Top 40 Under 40: Robbie C. Coblentz, 36,
President and CEO, Broadcast Media Group, Inc.
STARKVILLE – In the late 1980s, Robbie Coblentz helped make a music video that aired on a cable channel in his hometown of Meridian.
The impressionable teen fell in love with the creative process of video production, bought a small professional editing system, taught himself how’ to use it, and set up shop in his room.“I still get great satisfaction from being in an editing booth and manipulating picture and sound,” admitted Coblentz, an award-winner producer who now heads a company serving clients nationally and internationally from the college town of Starkville.
To know his parent’s background, it may seem surprising that Coblentz pursued a career in a high-tech, global industry. His father, Robert, grew up Old Order Amish in northeastern Indiana. “I find it highly ironic that I work in a leading-edge technology field and I hail from Amish roots,” he admitted. “How my grandparents were asked to leave the Amish church makes for a good story, also.”
After transferring from Meridian Community College, where he earned an associate’s degree in pre-engineering studies in 1991, Coblentz briefly considered pursuing a career in architecture. In 1998, he earned a liberal arts degree, with an emphasis in computer animation/multimedia, from Mississippi State University (MSU). During his college days, he advanced from disc jockey to producer for various radio stations, and from television producer to general manager of WOBV-TV in Starkville.
In 1996, Coblentz established Broadcast Media Group, concurrent with his Work at the local television station until 1998, when he moved his young company into the first slot of Mississippi’s inaugural high-tech business incubator in Starkville. Since then, his company has grown to employ six staff members that produce videos and DVDs, and he has made it top priority to give back to the community.
“(Robbie’s) participation in that pioneering effort (in the incubator) has inspired him to reinvest in such efforts to expand the area’s ‘brain trust’ potential for economic development,” said MSU’s Ned Browning, Ph.D. “In particular, he has been involved in a grass roots campaign to restore funding to the Golden Triangle Enterprise Center, the local high-tech incubator. Just this summer (2006), he produced a pro bono DVD for the Greater Starkville Development Partnership and local realtors to promote the area.
“Robbie Coblentz pays more than his due in community service.”
Don Moore, sales manager of WLOX-TV in Biloxi, stated emphatically, “Bottom line, if I get opportunities to send business Robbie’s way, I will not hesitate to do so. Robbie’s professionalism and approach to client satisfaction is exemplary and worth recognition. In today’s world, we’re so connected that small businesses like Broadcast Media Group in Starkville can paint with a big brush.”
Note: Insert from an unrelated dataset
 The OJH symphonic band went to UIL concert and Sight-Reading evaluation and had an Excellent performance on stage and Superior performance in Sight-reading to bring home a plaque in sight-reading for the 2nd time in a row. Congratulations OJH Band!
Kathy Shaw Kenne, co-owner of Quest Group in West Point, whose customers include Bryan Foods and BankFirst, said, “A company takes on the character of its leader, and Broadcast Media is known throughout Northeast Mississippi and beyond for its attention to detail, quality product, creativity and superb customer service. It’s for these reasons that we’ve come to rely on them.”
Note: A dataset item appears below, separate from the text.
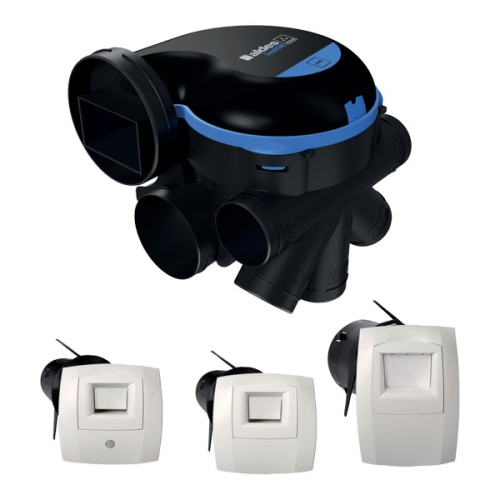 Kit VMC simple flux hygroréglable - EasyHOME HYGRO MP - 11033501 ALDES - 11033501 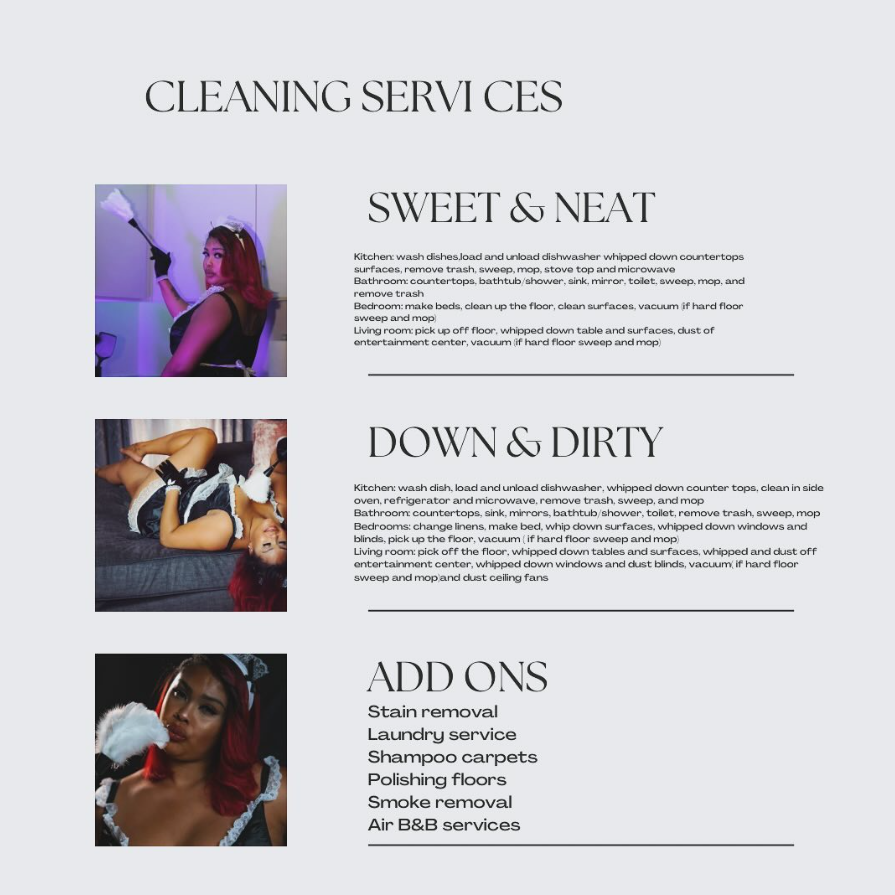 Sweet and Discreet Cleaning Service Las Vegas (510)575-6652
Coblentz’s wife of 10 years, Bonnie, said while business consumes much of his time, “Robbie is no stranger to the community. He’s actively involved in his church, Faith Baptist Church, where he helps maintain the technology used there.”
His church involvement doesn’t stop at providing technical advice. Faith Baptist’s Blaine Allen said, “In all my dealings with Robbie, both on a personal and church level, I’ve found him to be an excellent role model for all ages.”
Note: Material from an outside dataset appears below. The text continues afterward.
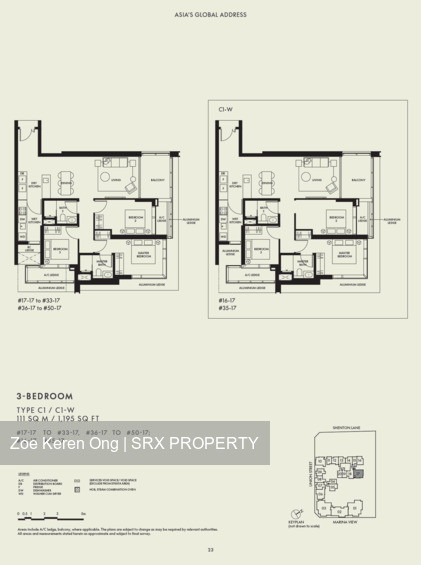 W RESIDENCES MARINA VIEW - SINGAPORE (D1), Apartment #550418871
Active in the Starkville Area Chamber of Commerce since 1999, Coblentz has been involved in several community advocacy groups related to political and economic development issues. He has been a board member of the Golden Triangle Advertising Federation, served as president of the Public Relations Association of Mississippi’s (PRAM) Starkville chapter, presided over PRAM statewide in 2002, and has been nominated to serve on the board of directors of the Southern Public Relations Federation for 2007.
A local Boy Scout leader, Coblentz has developed promotional videos for the Pushmataha Area Council, and has also provided his company’s services at reduced or no cost to the Mississippi Cooperative Baptist Fellowship, March of Dimes, Jubilee Mennonite Church in Meridian and The United Way.
Within the last six years, Coblentz, the father of two sons, David, five, and Mark, three, and a member of the Gospel Music Association, has found time to remodel several houses and an office. “What began as a weekend project has expanded…,” he joked, “Plus, it’s a lot cheaper doing it yourself.”